Experiment 21 - APL-Style Token/Stream Batching
Sources: Iverson APL inner/outer product + Concrete Mathematics amortization
Single-token decode is a poor ANE shape: [1,D,1,1] gives the conv engine only
one spatial point per weight load. The next array-shape probe should convert a
representative layer shard to accept T > 1 positions, e.g. [1,D,T,1], and
measure whether 1x1 conv weight reuse improves prefill, multi-agent serving, or
speculative verification.
This does not directly accelerate single-stream greedy decode unless speculation or batching supplies independent tokens, but it can be the largest throughput lever for coding-agent workloads.
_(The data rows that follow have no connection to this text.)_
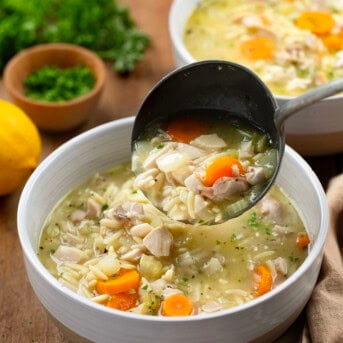 Ladling Lemon Chicken Orzo Soup into a white bowl.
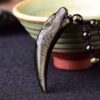 Natural Obsidian Wolf Tooth Strength Pendant Natural Obsidian Wolf Tooth Strength Pendant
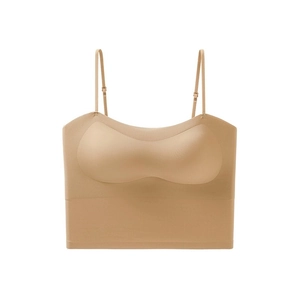 Detailed close-up of seamless skin-tone bra with adjustable straps and padded cups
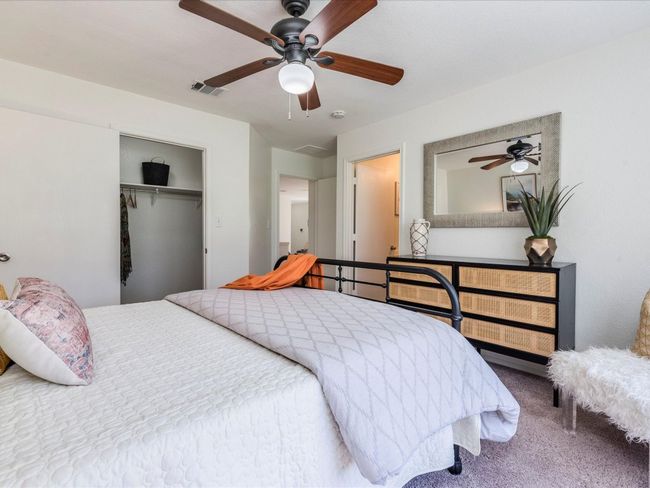 The primary suite sits at the back of the home overlooking the backyard and comes with a large walk-in closet and a private ensuite bathroom. | Image 16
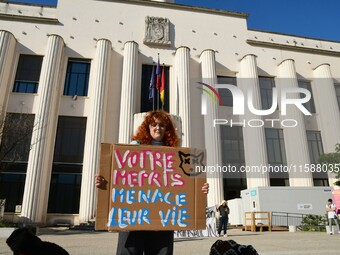 Protesters from the Ron Rhone association stand in front of the Villeurbanne town hall to urge the city's mayor to sterilize stray cats in V...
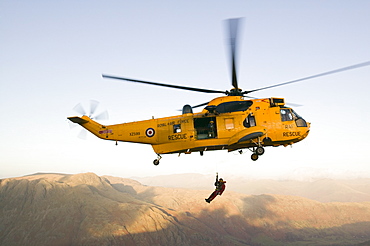 An RAF Sea King helicopter attends a mountain rescue incident in the Lake District, Cumbria, England, United Kingdom, Europe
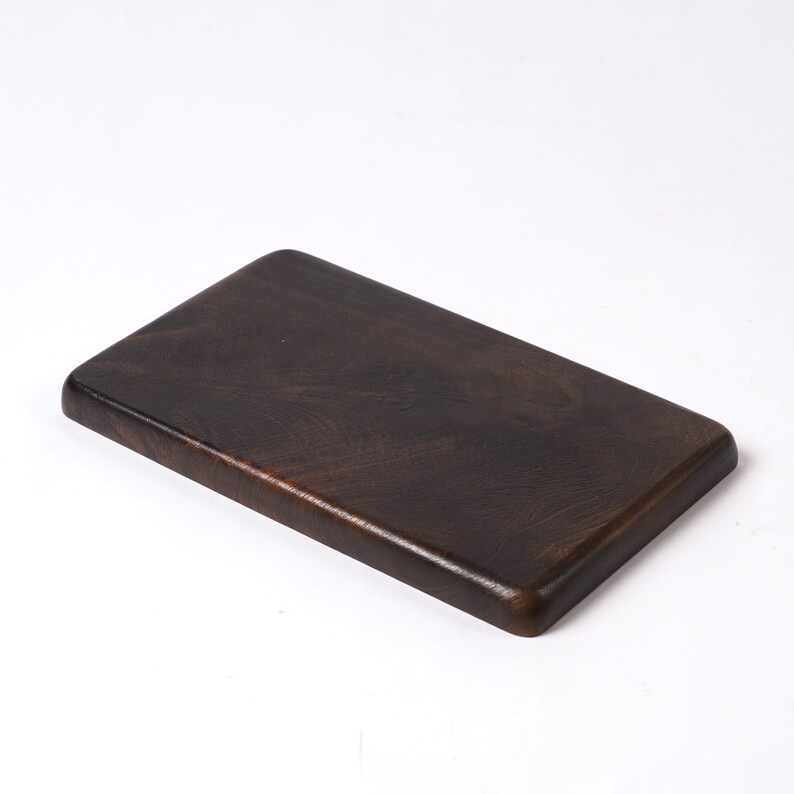 May include: A dark brown rectangular wooden serving tray with rounded edges.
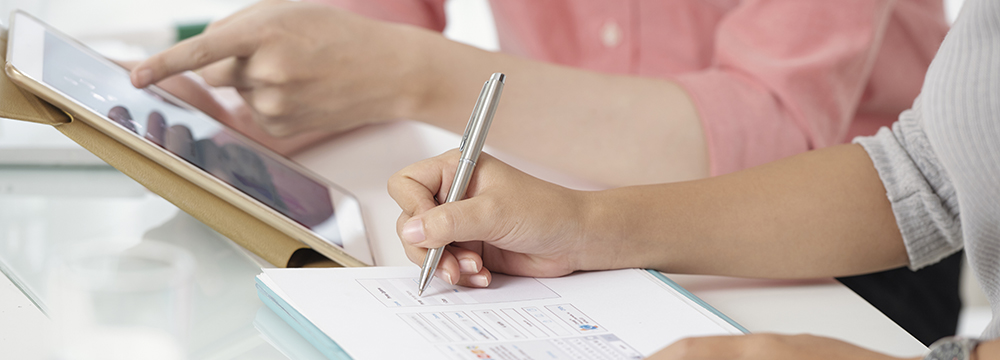 Faceless shot of contemporary colleagues using tablet while writing on clipboard sitting at table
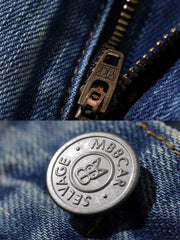 デニムパンツのパッチワークディテールと五金パーツ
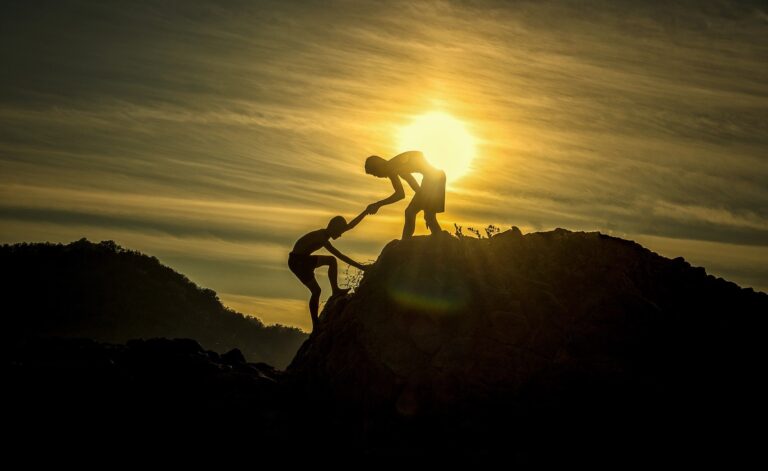 Silhouette of person helping another climb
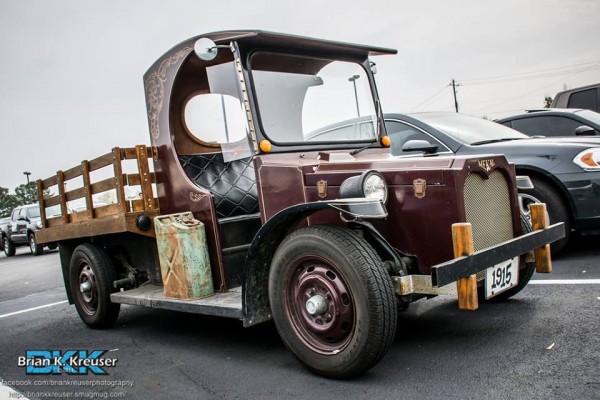 1915 huckster style truck with a wooden stake bed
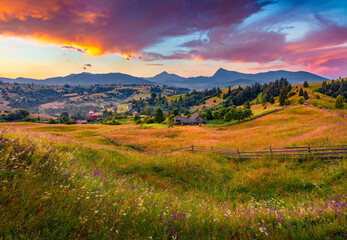 Fantastic summer sunrise in Carpathian countryside. Breathtaking morning scene of Yasinya village with dark overcast. Beauty of countryside concept background.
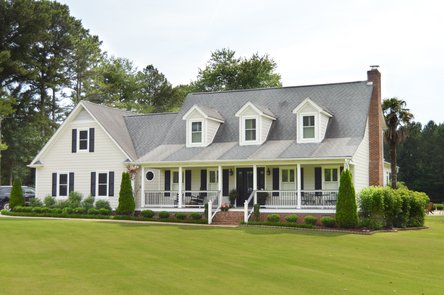 Beige house with white trim, black shutters, front porch, and green yard
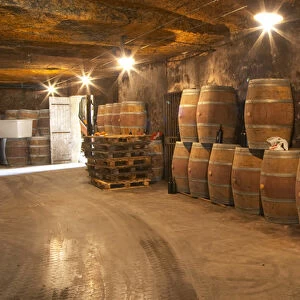 The underground winery and cellar in an old stone quarry, Chateau Belair (Bel Air) 1st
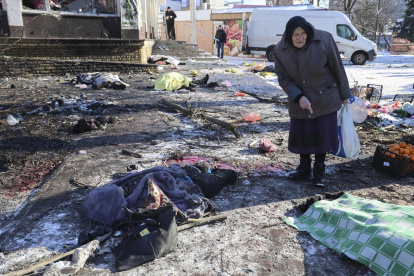 Una mujer camina entre los cuerpos de las víctimas del bombardeo del mercado de alimentos de Donetsk, Ucrania, este 21 de Enero.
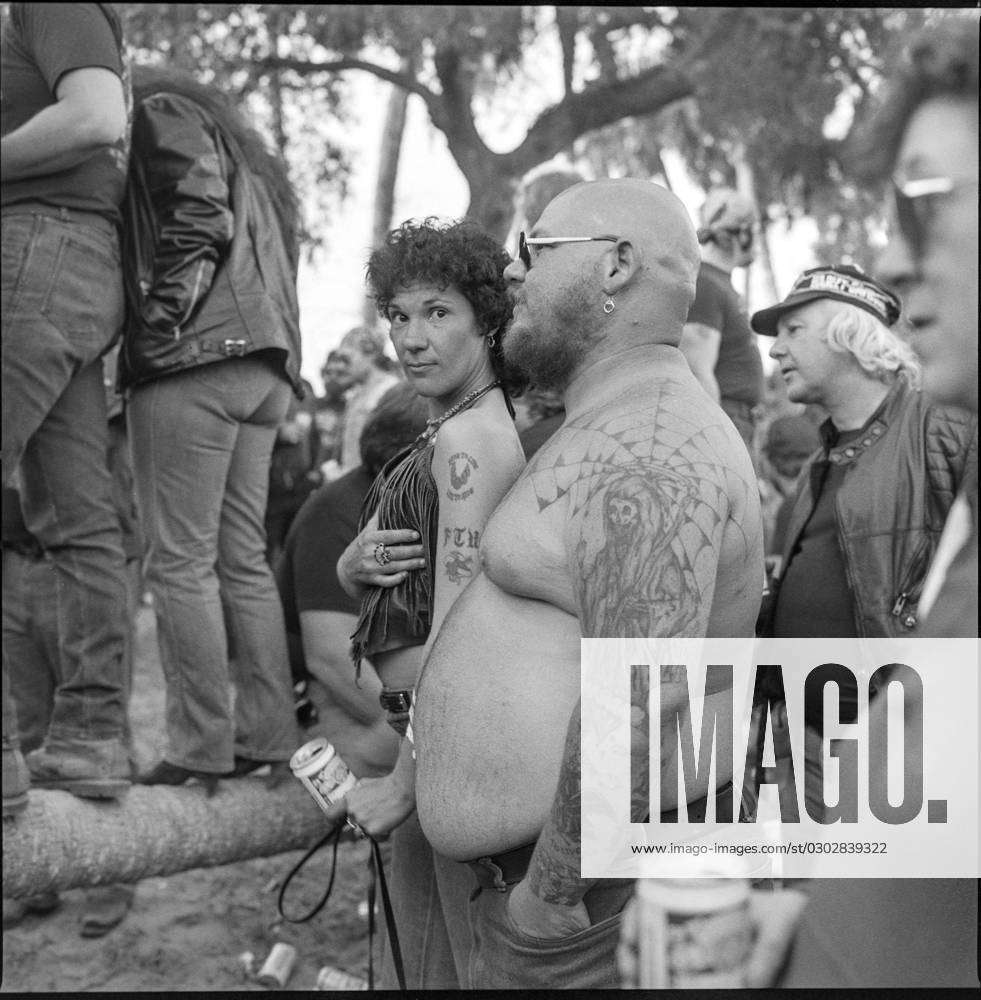 topless fat man displays his tattoos among crowd of bikers during Daytona  Bike Week in March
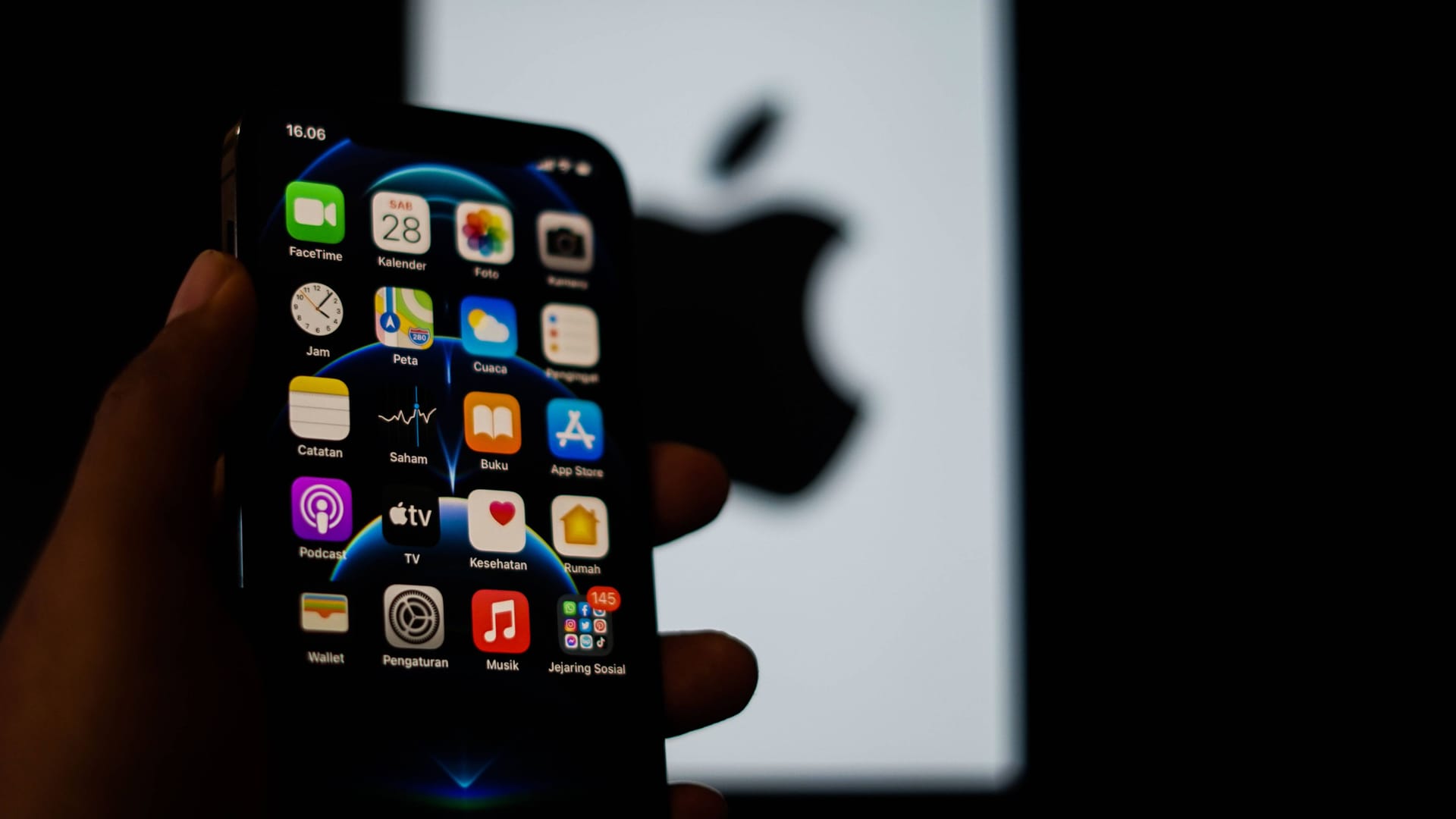 Jemand hält ein iPhone in der Hand und im Hintergrund ist das Apple-Logo. Jemand hält ein iPhone in der Hand und im Hintergrund ist das Apple-Logo.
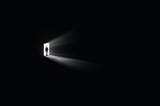 a man entering the dark room and shedding the light from the other room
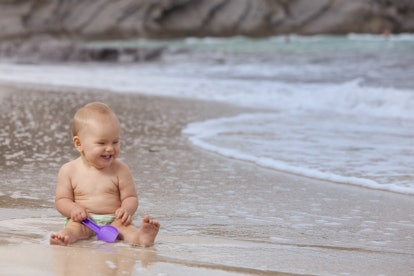 happy smiling baby girl playing on the beach.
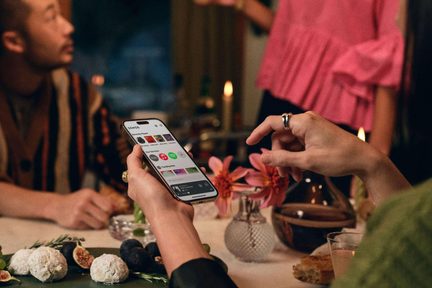 Hånd med ringer, sølvfarget smarttelefon i metall, skjerm med musikkapp, sett ovenfra et bord med desserter og blomster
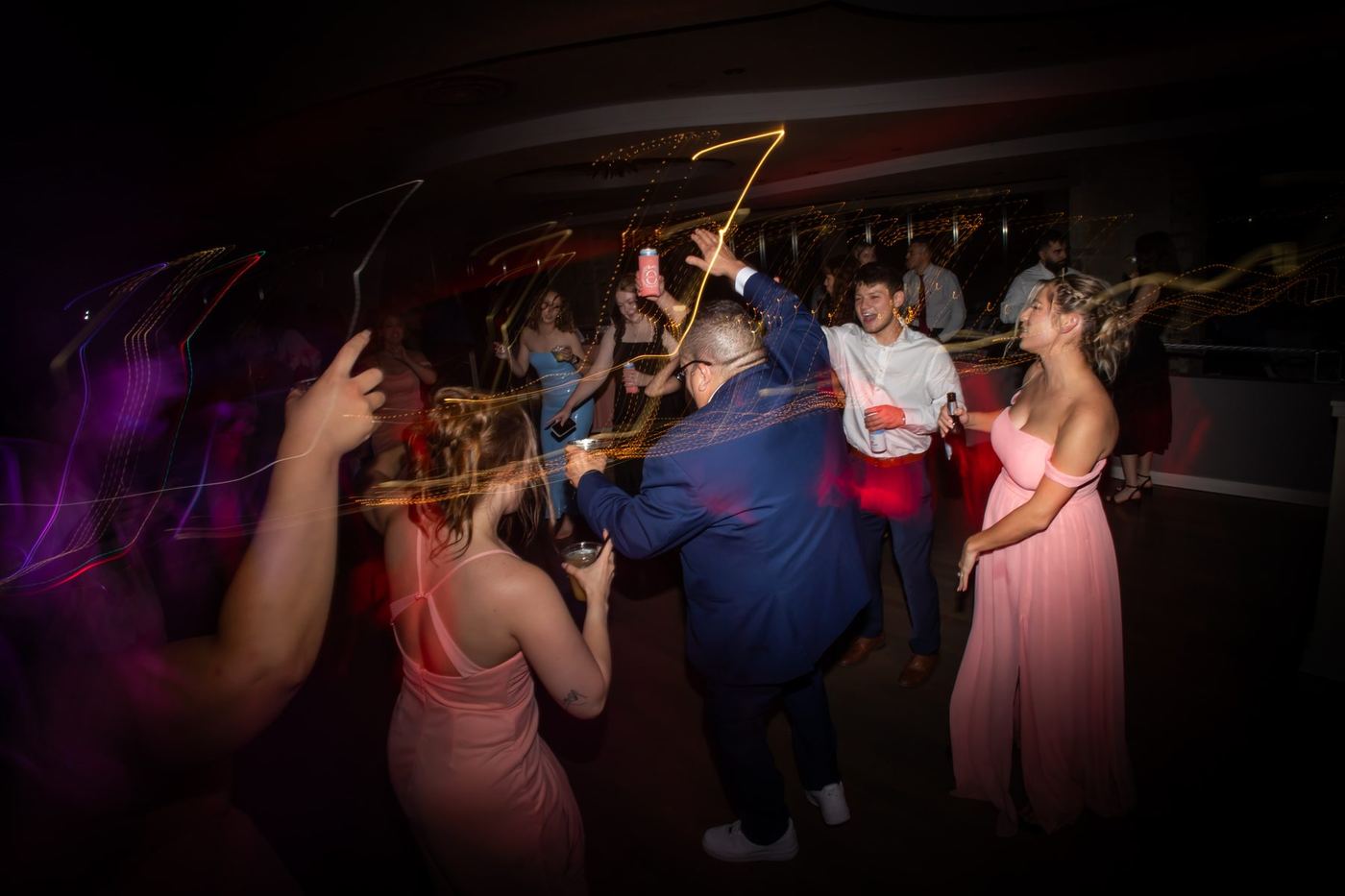 Guests dancing under moving lights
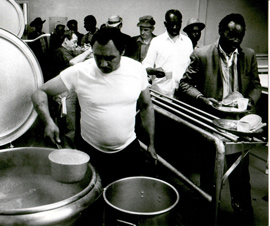 左に大きなお釜からスープをつぐ男性がいて、右にはそれを受け取る失業者の人たちの列ができています。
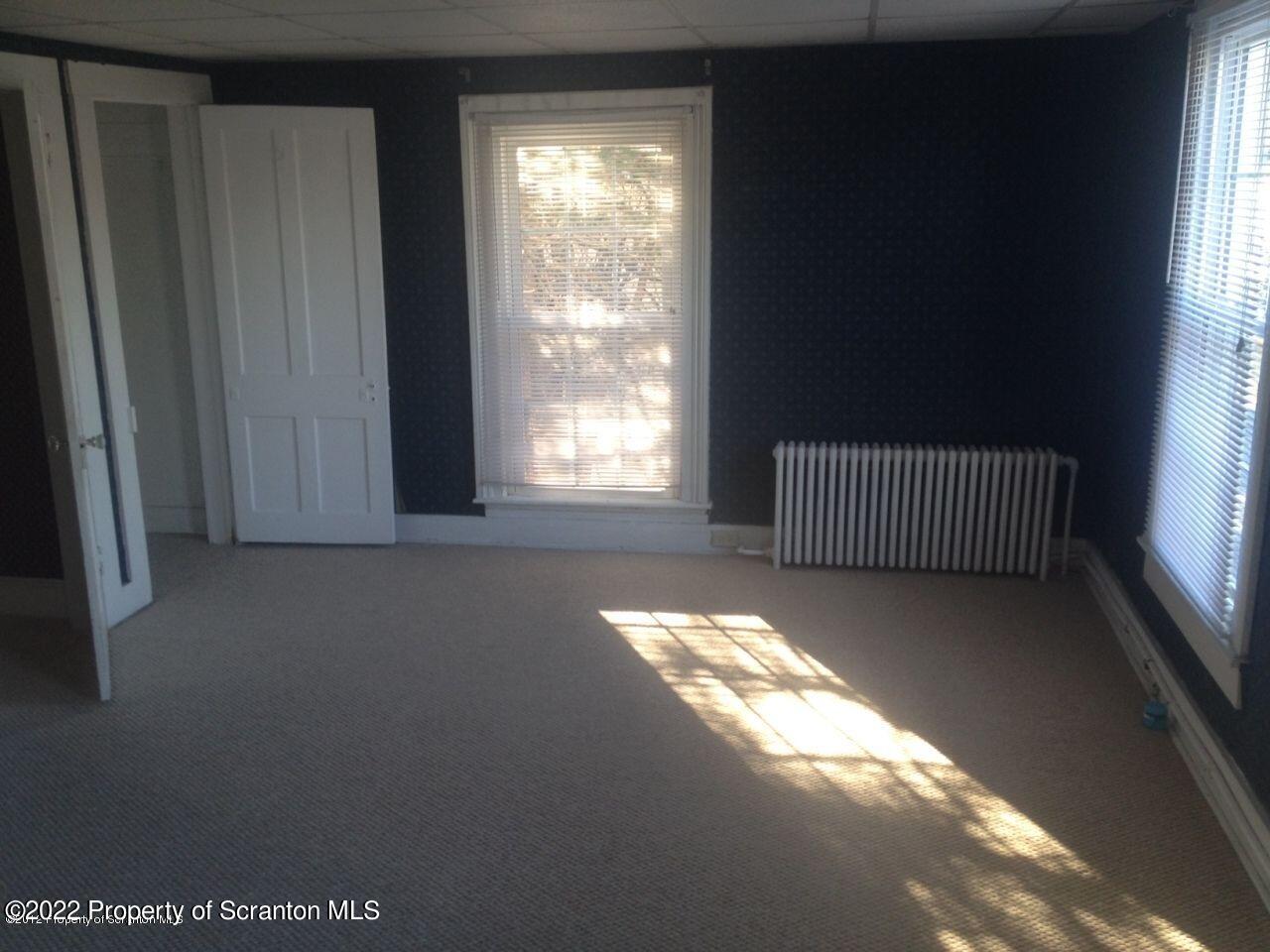214 Main Street Moosic, PA 18507 - Photo 11 of 19 a view of an empty room and window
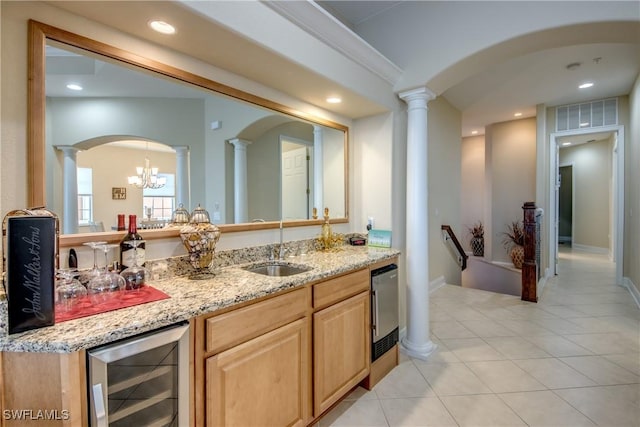 kitchen featuring beverage cooler, light brown cabinets, ornate columns, and a sink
First probe: the LM head now has an opt-in --batch-tokens builder path. The
full 4-shard T=4 set, hidden shape [1,3072,4,1], passed strict residency
(conv_non_ane=0, compute_non_ane=0 on every shard) and numerical golden
against NumPy (cos_logits from 0.999926 to 0.999937). A shard-0 microbench
measured one batched prediction at 0.691 ms/token versus four single-token
predictions at 1.608 ms/token, a 2.33x per-token improvement for that shard.
This is a multi-stream/speculative/prefill shape lever, not a direct greedy
single-stream decode win until the runtime can supply independent hidden vectors.